BEGIN Dataset content

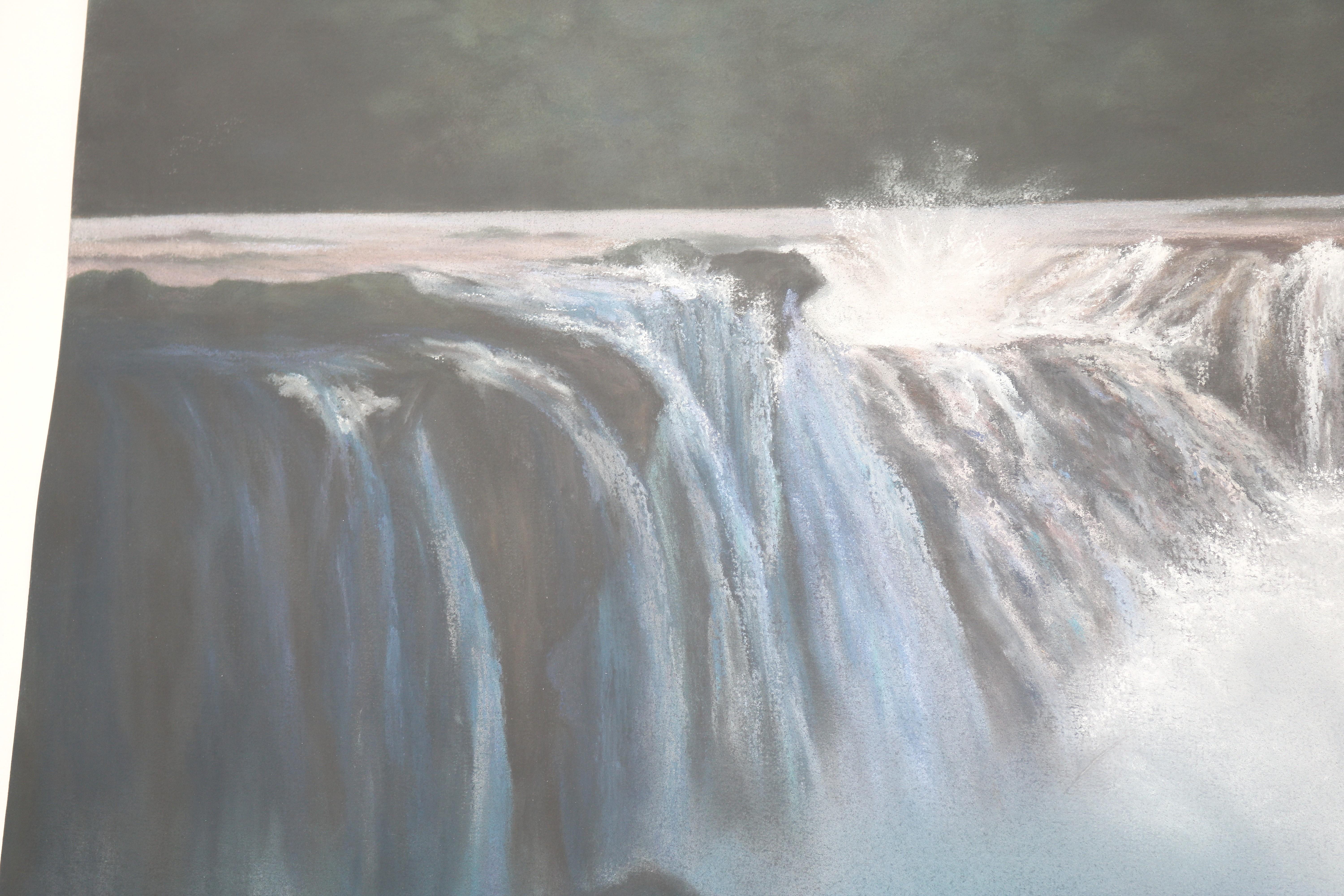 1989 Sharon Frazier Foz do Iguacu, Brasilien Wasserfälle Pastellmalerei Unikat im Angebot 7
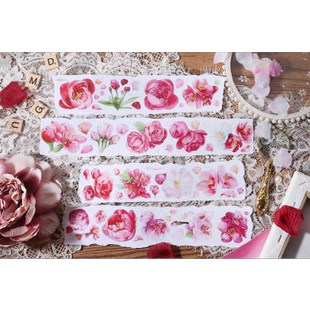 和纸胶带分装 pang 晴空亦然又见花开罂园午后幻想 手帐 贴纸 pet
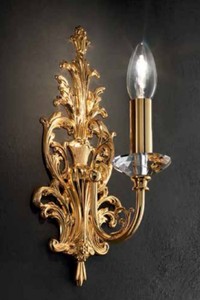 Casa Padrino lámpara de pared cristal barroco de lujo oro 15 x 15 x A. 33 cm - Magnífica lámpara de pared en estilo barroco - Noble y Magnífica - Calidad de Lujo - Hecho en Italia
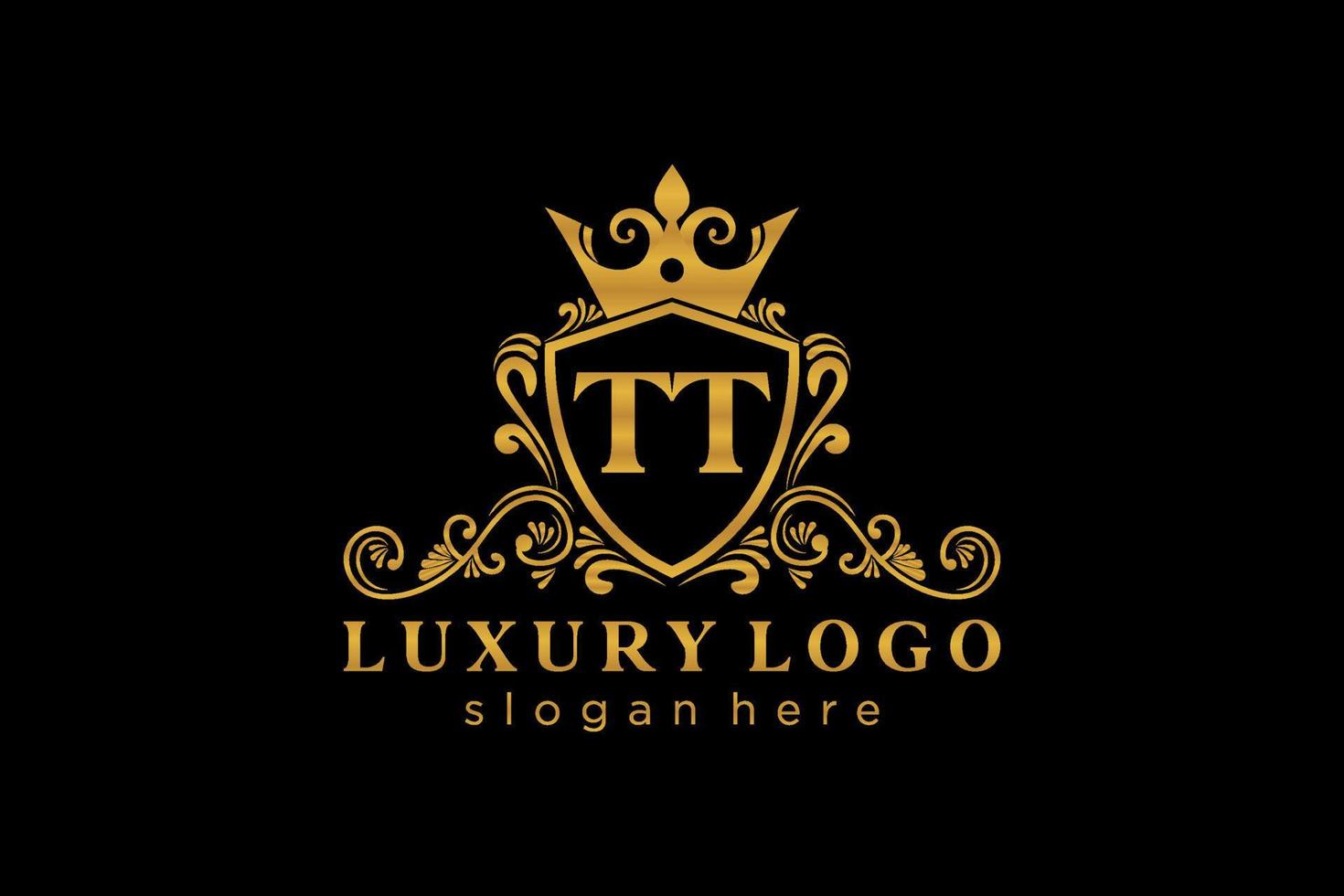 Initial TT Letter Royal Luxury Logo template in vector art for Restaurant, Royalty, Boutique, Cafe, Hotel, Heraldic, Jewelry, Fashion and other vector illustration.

END Dataset content

Exercise goal →
The answer should match the material exactly, with every picture removed.

Answer for this exercise →
 1989 Sharon Frazier Foz do Iguacu, Brasilien Wasserfälle Pastellmalerei Unikat im Angebot 7
 和纸胶带分装 pang 晴空亦然又见花开罂园午后幻想 手帐 贴纸 pet
 Casa Padrino lámpara de pared cristal barroco de lujo oro 15 x 15 x A. 33 cm - Magnífica lámpara de pared en estilo barroco - Noble y Magnífica - Calidad de Lujo - Hecho en Italia
 Initial TT Letter Royal Luxury Logo template in vector art for Restaurant, Royalty, Boutique, Cafe, Hotel, Heraldic, Jewelry, Fashion and other vector illustration.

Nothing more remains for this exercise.